Right-wing legislators block ratification of Constitutional rights to food and water in El Salvador

Press Release

Right-wing legislators block ratification of Constitutional rights to food and water in El Salvador

Incoming legislature will take up similar amendment

Contact: Laura Jean Embree-Lowry, Committee in Solidarity with the People of El Salvador +1 202-521-2510 or [email protected]

SAN SALVADOR, El Salvador – On April 29, legislators from three of El Salvador’s right-wing parties blocked the ratification of a Constitutional reform to protect water and food as fundamental human rights, despite polls showing 85% of the population in favor of the initiative and endorsements from El Salvador’s President and Human Rights Ombudsman, the Roman Catholic Archbishop, as well as two United Nations Special Rapporteurs.

After a two-hour debate during the last plenary of the 2012-2015 legislative session, representatives from El Salvador’s major opposition party, the Nationalist Republican Alliance (ARENA), and the smaller National Conciliation (PCN) and Christian Democrats (PDC) parties refused to vote for its ratification leaving the remaining parties, including the governing Farabundo Martí National Liberation Front (FMLN), unable to assemble the necessary two-thirds majority.

The proposed constitutional reform would have required the state to enact laws and policies to guarantee that all Salvadorans had access to adequate clean water and nutritious food. One and a half million Salvadorans currently lack access to potable water and nationwide, one in five children suffers chronic malnutrition.

Activists from El Salvador’s Environmental Alliance, a coalition of environmental, religious, labor, community, family farmer and youth organizations, expressed disappointment. “The right-wing parties demonstrated that they don’t stand with the people,” said Xenia Marroquín of the Alliance. “They would rather continue with the current situation, where companies contaminate and use excessive quantities of water while impoverished families walk miles to bring jugs of water back to their homes. They would prefer poor families spend two-thirds of their income on expensive, imported foods rather than empower and assist our farmers in revitalizing local agriculture.”

Faced with the right-wing parties’ refusal to ratify the reform before it expires at the close of the 2012-2015 legislative session on Thursday, FMLN legislators changed gears, introducing an identical reform that was approved by a simple majority. This new reform will similarly require a two-thirds ratification by the incoming legislature that takes office on Friday.

The campaign to declare food and water human rights in El Salvador has received worldwide attention.
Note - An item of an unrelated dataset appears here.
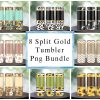 Bundle 8 Split Gold Tumbler Png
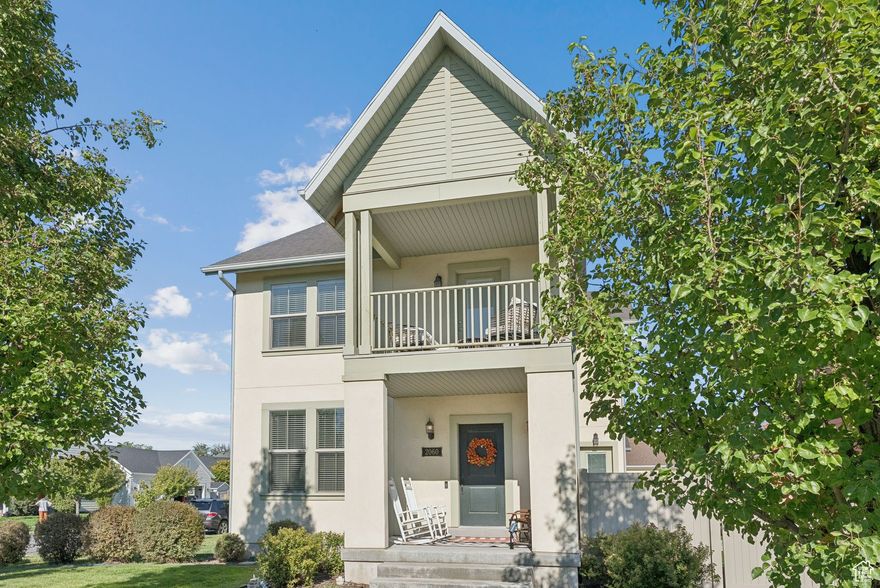 Welcome to the desirable Hill Farms community, where timeless design meets low-maintenance living. This stunning two-story Covington showcases one of the neighborhood's most functional floor plans with 6 bedrooms, a dedicated office, two family rooms, a loft, and 3.5 bathrooms.The gourmet kitchen features an oversized island, ceiling-height cabinetry, a gas range, walk-in pantry, and opens to a generous family room and dining area with a cozy gas fireplace, exterior access, and a bright, open layout. Upstairs, the primary suite includes abundant closet space, a spa-style bathroom with separate tub & shower and dual vanities, plus a private deck overlooking the front courtyard and adjacent park. The basement level offers three additional oversized bedrooms and another spacious family room. The oversized three-car garage is complemented by an extra parking pad along the side of the home, and the yard offers a fully fenced private green space on one side, and on the other, a covered deck that looks out to the park. Residents here enjoy five neighborhood parks, picturesque walking trails that extends along Kays Creek. The HOA covers full lawn care and snow removal, so you can spend more time enjoying where you live. Situated on a quiet street near top-rated schools with quick access to the new West Davis Corridor, this home delivers the perfect blend of comfort, convenience, and community.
In April, one hundred and thirty-five organizations from eighteen different countries sent a letter to El Salvador’s Legislative Assembly calling for the reform’s ratification. Representatives Sam Farr (D-CA) and Raúl Grijalva (D-AZ) sent letters expressing support for the protection of water as a human right and a public good while over 5,000 US residents added their names to a petition signed by over 35,000 Salvadorans demanding immediate ratification of the reform.